Job hunting can be daunting, with opportunities varying widely across regions. Knowing which states have the most job openings can greatly aid in making informed career decisions. Join us as we identify the states with the highest and lowest job openings in the US.
This list is based on a report by Schmidt & Clark, which analyzed the latest Bureau of Labor Statistics (BLS) data on job opening rates during this period. The analysis highlights the monthly percentage of unfilled jobs in each state.

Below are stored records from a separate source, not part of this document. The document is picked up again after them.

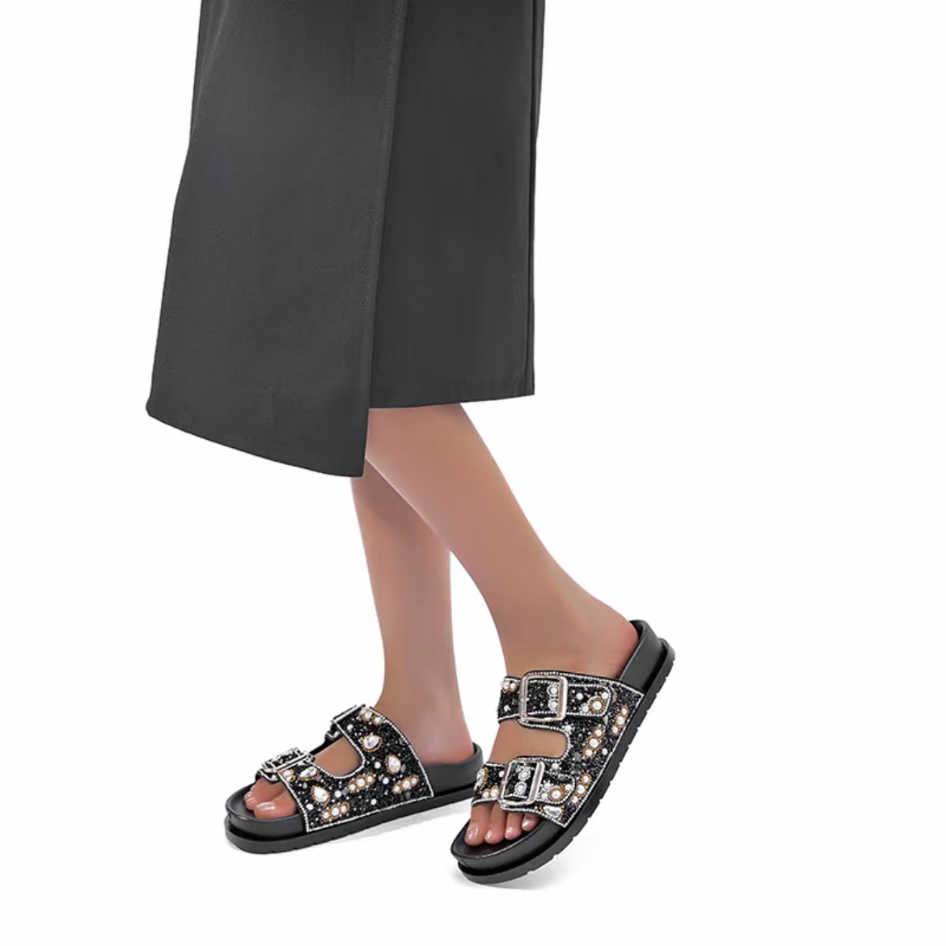 Sandália Birken Papete Feminina Luxo Strass e Pérolas com Duas Fivelas Ajustáveis Conforto Meijile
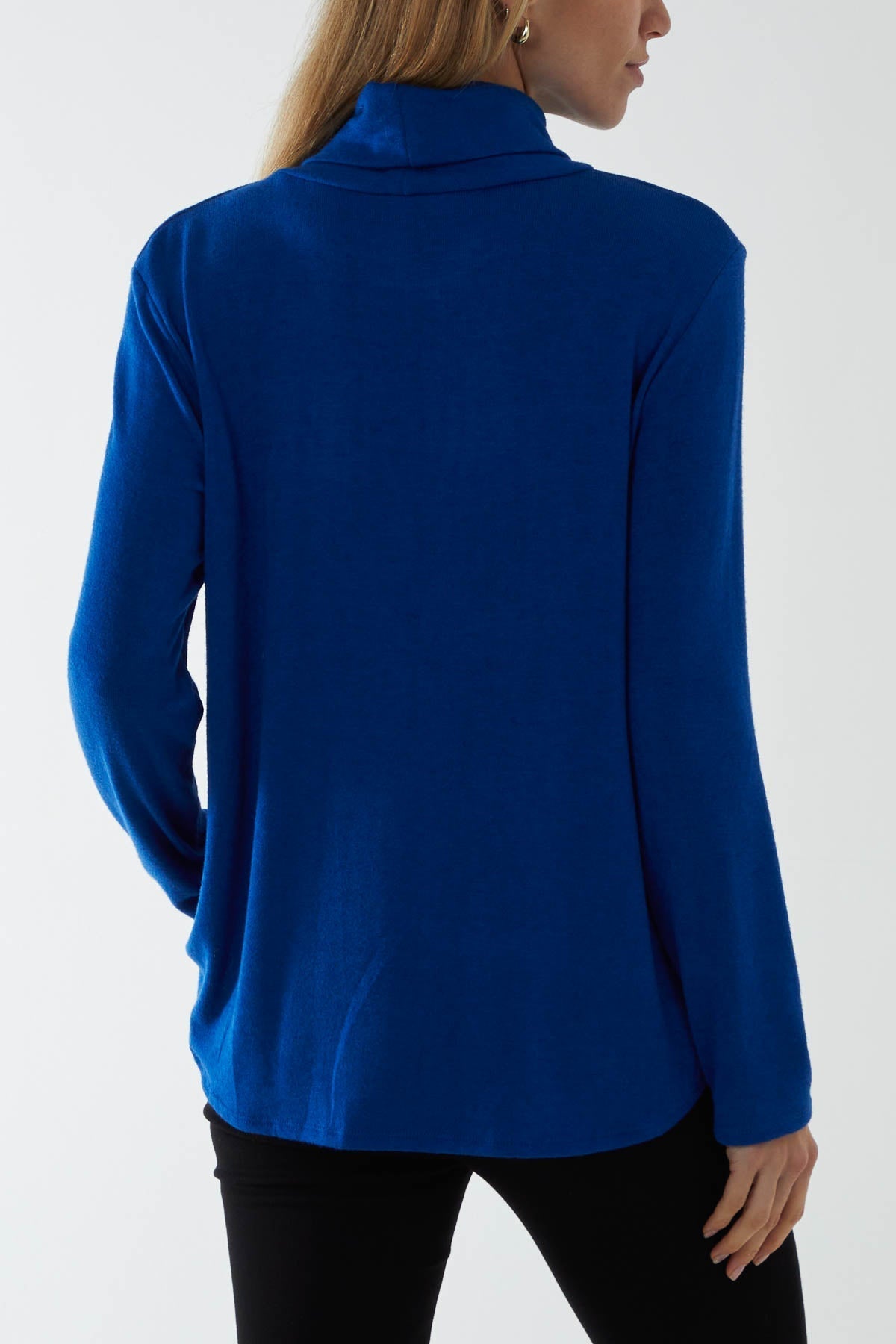 Roll Neck Fine Knit Jumper For Women  - Dropwear
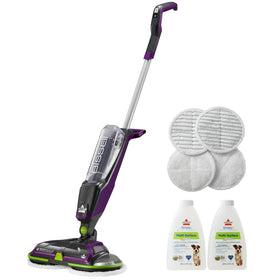 Bissell SpinWave cordless PET spin mop front view for easy, cord-free floor cleaning.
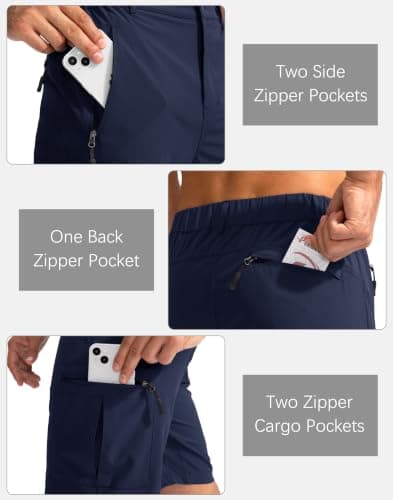 Pudolla Men's Hiking Cargo Shorts 9" Lightweight Outdoor Work Shorts for Men Travel Golf Camping Casual with 5 Zipper Pockets(Navy Small) - Thumbnail 4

Here are the top five states with the highest job openings.
Alaska
According to the BLS data, the study by Schmidt & Clark found that Alaska had the highest job opening rate between April 2023 and April 2024. The average job opening rate in this period has been 7.35%, whereas August 2023 was the peak, with an 8.9% job opening rate. The lowest was recorded in January 2024, with 6.7%. These numbers can be explained by the fact that Alaska’s economy heavily relies on industries susceptible to seasonal variations, such as tourism, fishing, and oil and gas extraction. The summer months, when tourist activity is at its peak, typically witness a surge in job openings across various sectors. Conversely, the winter months, characterized by reduced economic activity in these industries, lead to a contraction in the job market.
West Virginia
West Virginia had the second-highest job opening rate, 6.2%. In May 2023, the state witnessed the highest, 7.4%, and in February 2024, it hit its lowest, 5.6%. The state’s reliance on industries like coal mining and manufacturing has undergone substantial shifts. A mix of economic diversification efforts, infrastructure development projects, and potential labor shortages due to outmigration might contribute to the higher job openings.
South Carolina
South Carolina had the third-highest job opening rate at 6.69%. The rate peaked at 7.2% in May 2023 and reached its lowest at 6.2% in April 2024. The high rate in May 2023 may reflect seasonal or industry-specific booms, while the decline to 6.2% suggests market stabilization. According to BLS, management occupations provided the highest employment in May 2023. The state’s growing manufacturing and service sectors and potential labor shortages contribute to this sustained job opening rate.
Colorado
Colorado had an average job opening rate of 6.53% in the said period. April 2023 saw the highest opening rates with 8.2%, and June 2023 saw the lowest with 5.9%. There was no such clear pattern with the fluctuations. However, this volatility could be attributed to factors such as the state’s tourism-driven economy, with higher openings during peak seasons and lower rates during off-peak times. Additionally, Colorado’s growing tech and outdoor recreation industries might also contribute to employment fluctuations.
Montana
Montana was the fifth state with the highest job openings, with 6.43%. The state experienced the highest job opening rates in April 2023, at 7.3%, and the lowest in March and April 2024, at 5.9%. From the data, it can be said that Montana’s job market reflects a pattern of seasonal variation. According to BSL’s May 2023 data, management occupations gave out one the highest number of employment in Montana. The peak season was likely due to factors such as agriculture, tourism, and construction activity. The subsequent decline suggests a return to more normalized levels, potentially influenced by weather conditions and industry cycles.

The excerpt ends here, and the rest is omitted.